Pseudomonic Functors🔗

A functor is pseudomonic if it is faithful and full on isomorphisms. Pseudomonic functors are arguably the correct notion of subcategory, as they ensure that we are not able to distinguish between isomorphic objects when creating a subcategory.

  is-full-on-isos : Functor C D → Type (o ⊔ h ⊔ h₁)
  is-full-on-isos F =
    ∀ {x y} → (f : (F .F₀ x) D.≅ (F .F₀ y)) → ∃[ g ∈ x C.≅ y ] (F-map-iso F g ≡ f)

  record is-pseudomonic (F : Functor C D) : Type (o ⊔ h ⊔ h₁) where
    no-eta-equality
    field
      faithful : is-faithful F
      isos-full : is-full-on-isos F

  open is-pseudomonic

Somewhat surprisingly, pseudomonic functors are conservative. As FF is full on isos, there merely exists some iso gg in the fibre of ff. However, Invertability is a property of morphisms, so we can untruncate the mere existence. Once we have our hands on the isomorphism, we perform a simple calculation to note that it yields an inverse to ff.

  pseudomonic→conservative
    : ∀ {F : Functor C D}
    → is-pseudomonic F
    → ∀ {x y} (f : C.Hom x y) → D.is-invertible (F₁ F f)
    → C.is-invertible f
  pseudomonic→conservative {F = F} pseudo {x} {y} f inv =
    ∥-∥-rec C.is-invertible-is-prop
      (λ (g , p) →
        C.make-invertible (C.from g)
          (sym (ap (C._∘ _) (pseudo .faithful (ap D.to p))) ∙ C.invl g)
          (sym (ap (_ C.∘_) (pseudo .faithful (ap D.to p))) ∙ C.invr g))
      (pseudo .isos-full (D.invertible→iso _ inv))

In a similar vein, pseudomonic functors are essentially injective. The proof follows a similar path to the prior one, hinging on the fact that faithful functors are an embedding on isos.

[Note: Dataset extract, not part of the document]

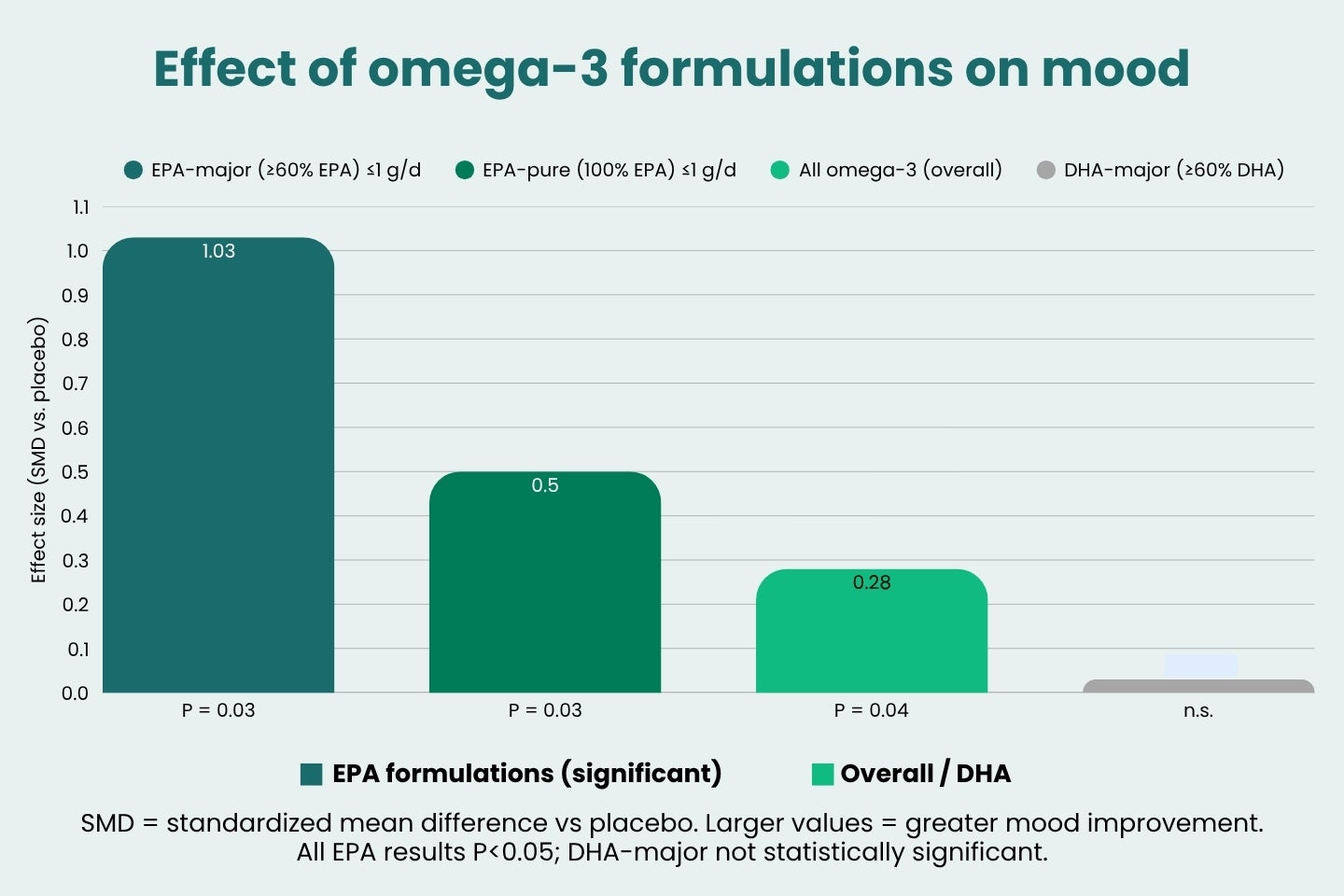 Grafik: Effekt von Omega-3 auf die Stimmung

  pseudomonic→essentially-injective
    : ∀ {F : Functor C D}
    → is-pseudomonic F
    → ∀ {x y} → F₀ F x D.≅ F₀ F y
    → x C.≅ y
  pseudomonic→essentially-injective {F = F} pseudo f =
    ∥-∥-rec (faithful→iso-fibre-prop F (pseudo .faithful) f)
      (λ x → x)
      (pseudo .isos-full f) .fst

Fully faithful functors are pseudomonic, as they are faithful and essentially injective.

  ff→pseudomonic
    : ∀ {F : Functor C D}
    → is-fully-faithful F
    → is-pseudomonic F
  ff→pseudomonic {F} ff .faithful = fully-faithful→faithful {F = F} ff
  ff→pseudomonic {F} ff .isos-full f =
    inc (is-ff→essentially-injective {F = F} ff f ,
         D.≅-pathp refl refl (equiv→counit ff (D.to f)))